Kline School of Law hosted the Fifth Annual Oxholm Colloquium on Public Service on October 29. The Colloquium, which was held virtually, explored how careers in public service require deep commitment and passion while providing purpose and fulfillment.
“Public service is doing something meaningful to positively benefit others, outside of ourselves, our friends, our family,” said keynote speaker Alba Martinez, a principal at Vanguard who is responsible for leading Global Talent Acquisition. “It is about going outside of ourselves; it is about crossing some sort of line into the other. [Public service] can be a way to achieve fulfillment, purpose, meaning and balance.”
Martinez, who has had a highly successful career in public service, attributed her passion for such work to her grandmother. “My grandmother was proud of the life that she lived. She was poor, but she shared so generously,” said Martinez. Growing up in Puerto Rico, Martinez saw her grandmother meet the needs of those around her in any way she could, even when she barely had enough resources for herself. Martinez said her grandmother was “the first and best public servant that I’ve met...and she never got paid a dime for it.”
While attending Georgetown University Law Center, Martinez worked at a law firm in Washington, D.C. and a public service firm in rural Florida. Comparing the experiences, Martinez said she felt a greater sense of purpose, freedom and significance while representing migrant workers and refugees in Florida. Ultimately, her decision to embark on a career in public service led Martinez to leadership positions at major agencies and institutions, including Congreso de Latinos Unidos, Philadelphia’s Department of Human Services and United Way of Southern Pennsylvania.

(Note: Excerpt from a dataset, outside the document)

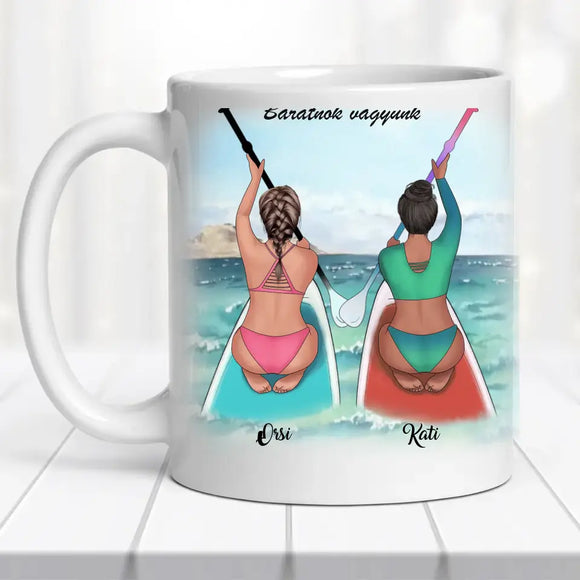 SUP barátnős bögre – egyedi dizájn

During the colloquium, the eponymous Carl “Tobey” Oxholm III, a former senior vice president and general counsel for Drexel University who endowed the Oxholm fellowship, also spoke of his winding career trajectory. Oxholm traced his rise from Deputy to Chief Deputy City Solicitor for the City of Philadelphia in a few short years, stating, “I learned a heck of a lot, [and] I learned it by doing.” He said the difficult work was rewarding because he and his colleagues worked from the “shared conviction that what we did mattered to people who weren’t able to defend or protect themselves.”

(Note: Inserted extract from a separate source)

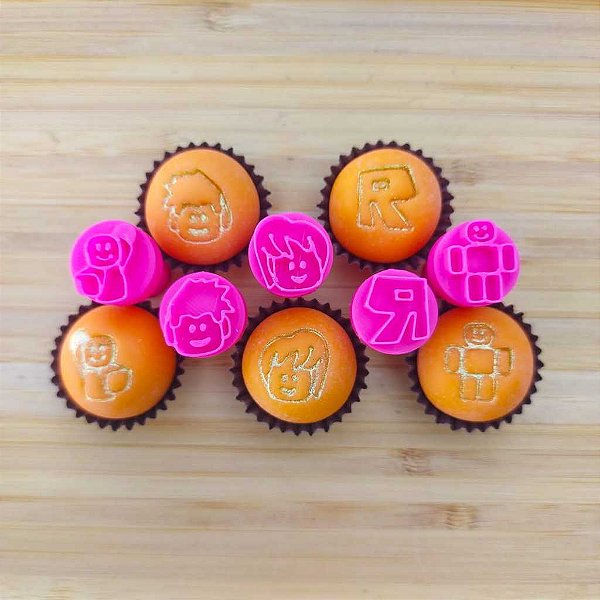 Carimbos para Docinhos Brigadeiro Jogo R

3L Desjeneé Davis, the 13th recipient of Oxholm Summer Fellowship, also spoke about learning by doing, stating that her experience this past summer in the Code & Public Nuisance Litigation Unit (the Code Unit) at Philadelphia’s Office of the City Solicitor was “invaluable.” Davis said she became more comfortable working independently through the hands-on experiences she had in litigating and public speaking. For Davis, the community at the Code Unit was so positive that she’s continuing to intern there. “For me, the environment that I work in is just as important as the work that I do.”